--- Supplied data Enclosed Below ---

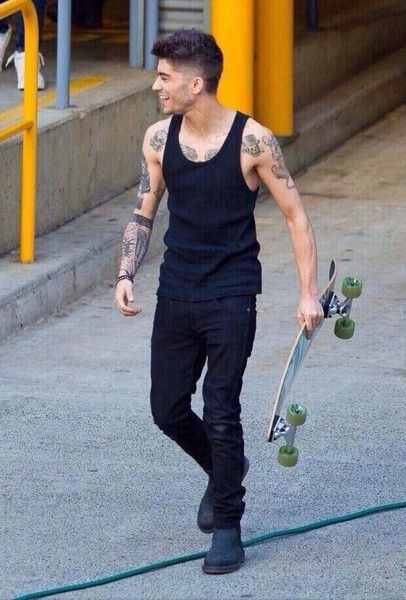 one direction skate boarding—a thread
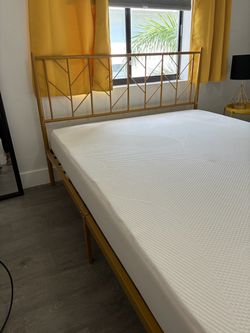 QUEEN Gold Metal Bed Frame with Headboard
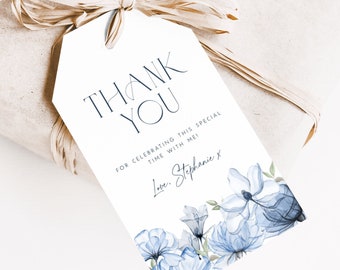 Op de afbeelding: Witte bedankkaart met blauwe aquarelbloemen en de tekst "Bedankt" en "Voor het vieren van deze speciale tijd met mij! Liefs, Stephanie x".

--- End of Enclosed Supplied data ---

Give the data again word for word, without images.

■ **Result**
 one direction skate boarding—a thread
 QUEEN Gold Metal Bed Frame with Headboard
 Op de afbeelding: Witte bedankkaart met blauwe aquarelbloemen en de tekst "Bedankt" en "Voor het vieren van deze speciale tijd met mij! Liefs, Stephanie x".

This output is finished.